Non Disclosure Agreement
Parties. This is an agreement between and Podosphere Technologies. concerning the confidentiality of information relating to the Company. References in this agreement to “The client” mean and all subsidiaries, affiliated companies, associated companies and holding companies together with all and any successors in title and assignees of any of the above.
Proposed. Association Of The Parties. The Company wishes to employ or to contract with, or to enter into discussions in anticipation of employing or contracting with, Podosphere Technologies. The compensation for his/her employment or contract will be not only for his/her services but also for the confidential manner in which his/her services will be performed.
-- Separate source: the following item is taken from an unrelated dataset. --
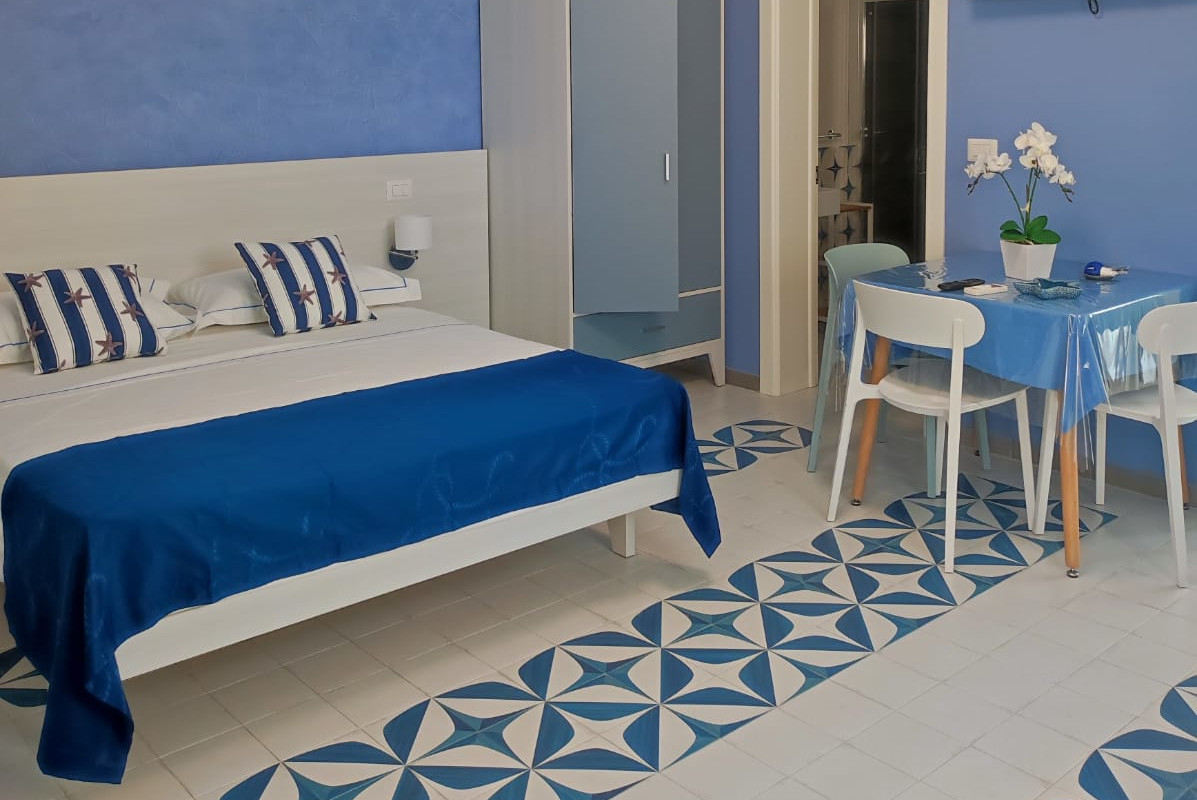 Casa Vacanze Vicolo Gobetti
Recognition of a Compelling Need for Confidentiality. Podosphere Technologies realizes that the Company has a compelling need to maintain confidentiality, and further recognizes that his/her employment or contract with the Company, or his/her discussions with the Company for such employment or contract, will place him in a position of special trust and confidence with access to confidential information concerning the Company and its operations.
Consideration. For the reasons explained above, Podosphere Technologies, as a precondition to his/her employment or contract with the Company, and in partial consideration, agrees and covenants with the Company as follows.
Agreement To Notify About A Request. Podosphere Technologies further agrees that if any person or entity requests, subpoenas, of otherwise attempts to obtain confidential or proprietary information or material relating to the Company within his/her custody or control, or within the custody or control of anyone operating on his/her behalf, he/she will notify the Company immediately and will cooperate fully in any legal action by the Company seeking protection against disclosure, on the understanding that the Company will bear the reasonable cost of attorney’s fees and expenses incurred by him in connection with the action.
Agreement To Assign Interest. Podosphere Technologies further agrees to assign to the Company and does hereby assign to the Company, all right, title, and interest in any royalty or remuneration, or anything else of value, that he/she or anyone operating on his/her behalf may acquire as a result of any disclosure or use of information or material in breach of this Agreement. This assignment does not limit any other remedy to which the Company may be entitled.
Recognition of a Compelling Need for Confidentiality. Podosphere Technologies realizes that the Company has a compelling need to maintain confidentiality, and further recognizes that his/her employment or contract with the Company, or his/her discussions with the Company for such employment or contract, will place him in a position of special trust and confidence with access to confidential information concerning the Company and its operations.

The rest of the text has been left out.